YOUR ASSIGNMENT — Text in the records must be reproduced exactly, and pictures must be skipped.

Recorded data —
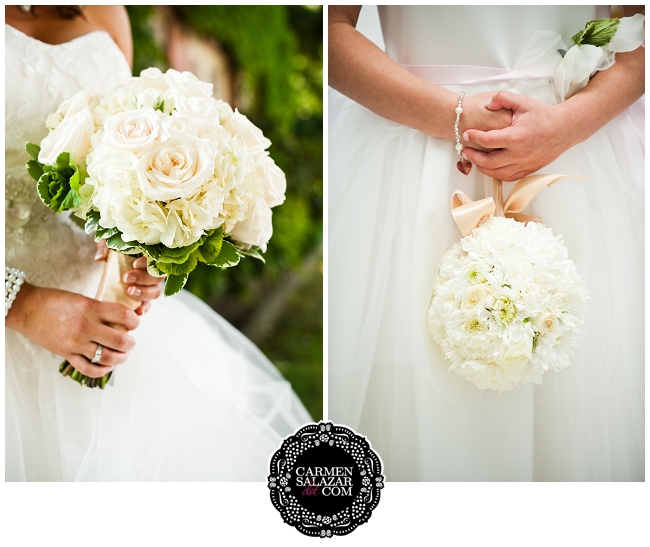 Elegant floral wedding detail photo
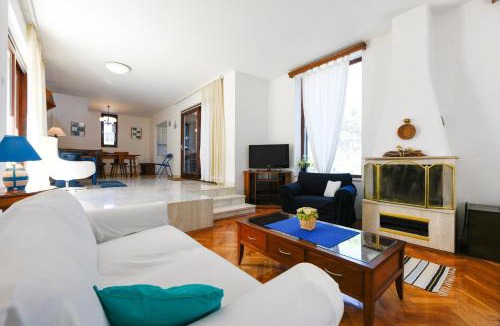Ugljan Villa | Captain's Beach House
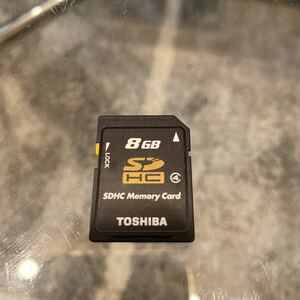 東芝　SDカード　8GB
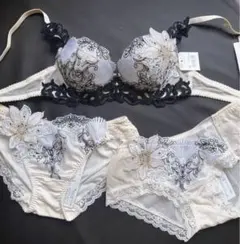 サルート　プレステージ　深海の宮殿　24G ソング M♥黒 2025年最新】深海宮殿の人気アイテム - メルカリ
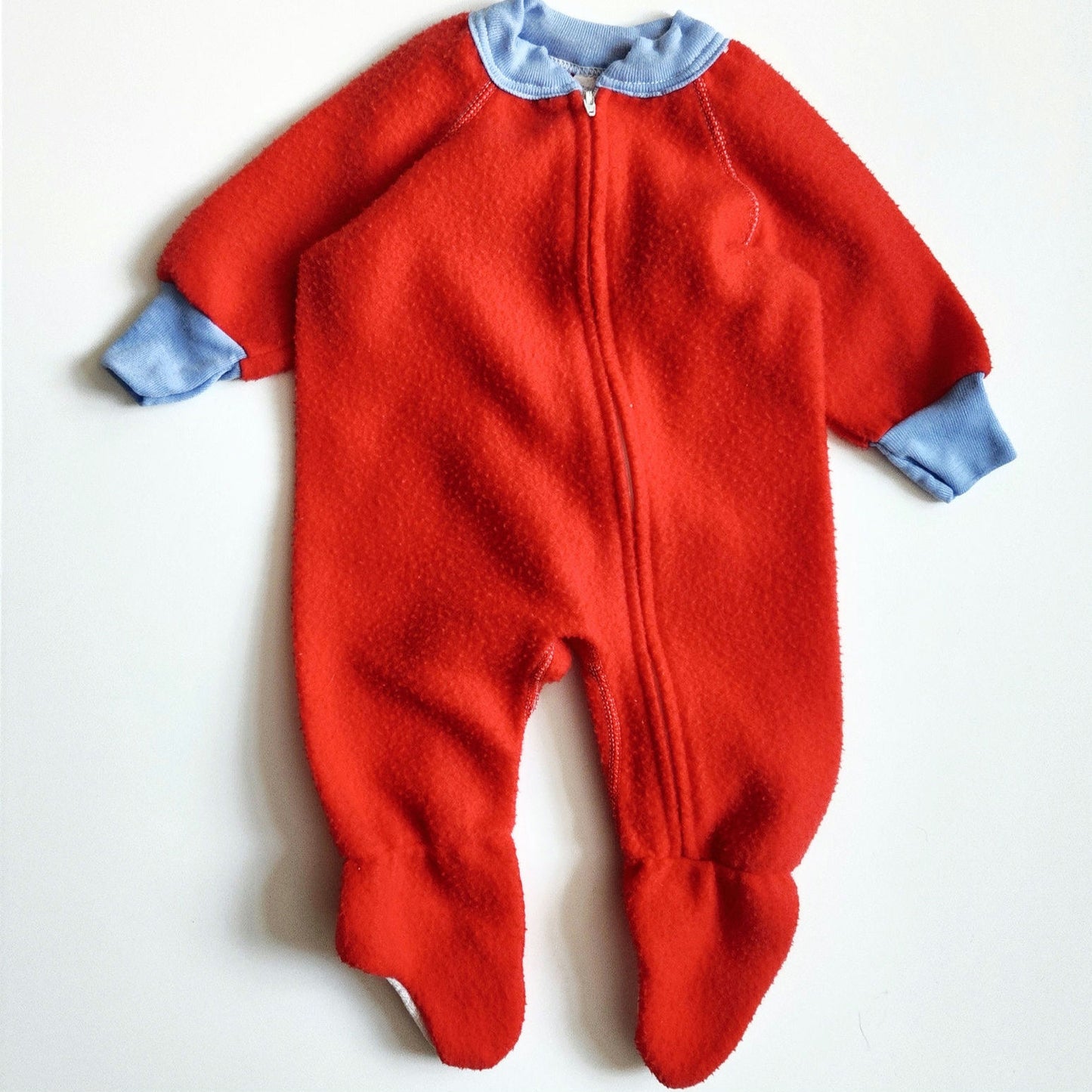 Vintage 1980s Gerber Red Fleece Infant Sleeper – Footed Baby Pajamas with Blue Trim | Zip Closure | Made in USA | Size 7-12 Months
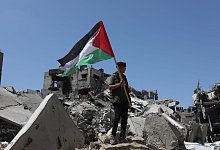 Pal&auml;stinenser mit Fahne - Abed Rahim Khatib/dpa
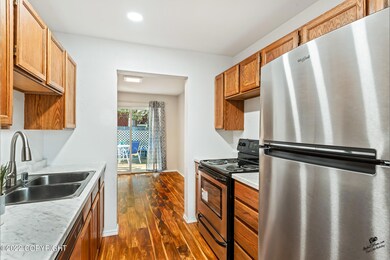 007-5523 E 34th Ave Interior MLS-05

RESPONSE —
 Elegant floral wedding detail photo
Ugljan Villa | Captain's Beach House
 東芝　SDカード　8GB
 サルート　プレステージ　深海の宮殿　24G ソング M♥黒 2025年最新】深海宮殿の人気アイテム - メルカリ
 Vintage 1980s Gerber Red Fleece Infant Sleeper – Footed Baby Pajamas with Blue Trim | Zip Closure | Made in USA | Size 7-12 Months
 Pal&auml;stinenser mit Fahne - Abed Rahim Khatib/dpa
 007-5523 E 34th Ave Interior MLS-05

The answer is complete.